South East is two words. Northwest is one word. I don't understand why the district went with different spellings, but that they did.
I appreciate these extensive comments. I am bothered by what seems to be an abrupt shift from a plan that was arrived at with extensive and prolonged community input. There may well be problems with that plan, but there is a perceived break with community trust when the board all of a sudden re-opens those plans and starts making changes. Do you have concerns about the process by which these changes are being put through?
Eric - Did you have "concern" over the process that Ed Stone and that P.O.S. board used when they jammed in the illegal "diversity" policy?
Chris,
I support abandoning the linear feeder plan where all of the students from one junior high all go to the same high school.
1. Geographically, the junior highs don't all match up with the high schools and this limits the flexibility of the board (no matter who the members are) to balance schools (whether it be by FRL data or test scores or geography).
2. To the best of my knowledge, the cost of keeping a linear junior high feeder system to the high schools has not been quantified. This should have been done.
3. So long as a sufficient number of students move together, the students will always have someone they know as they move from junior high to high school.
4. What I have observed is that by about sophomore year, if not sooner, once the kids are getting around by bus, car, bike, rides from friends, etc. they are associating with kids from all of the high schools and sometimes extending those acquaintances and friendships to Cedar Rapids schools, Solon schools, etc.
There is massive amounts of distrust between the east side and the rest of the district.
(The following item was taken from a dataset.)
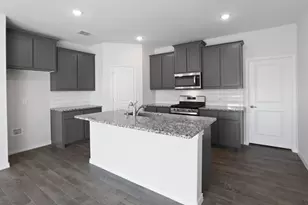 3694 Saguaro Dr, Grand Prairie, TX 75052 - Photo 3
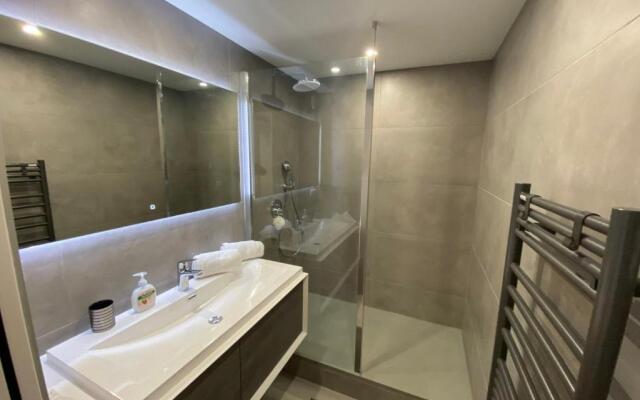 Modern flat 5min from the BEACH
Congratulations Dr. Edwin Stone you have officially made the crap storm that is balancing/busing/boundary policy Iowa City's own. You should have stuck to research on the eye.
And had the school board he assembled been able to answer one simple question, "In what district has busing/boundary/balancing worked" maybe they would have been able to look past their greed and oversimplified views of the plan. But they didn't and the truth is these plans weaken entire districts and over and over again they end up leaving those areas in the district that are the weakest much worse off down the road.
If these greedy, short sighted East Side Mafia individuals get their way on balancing they are going to look back on 2008 as the "good ole days." And a lot of us will have moved on and we will be glad we did.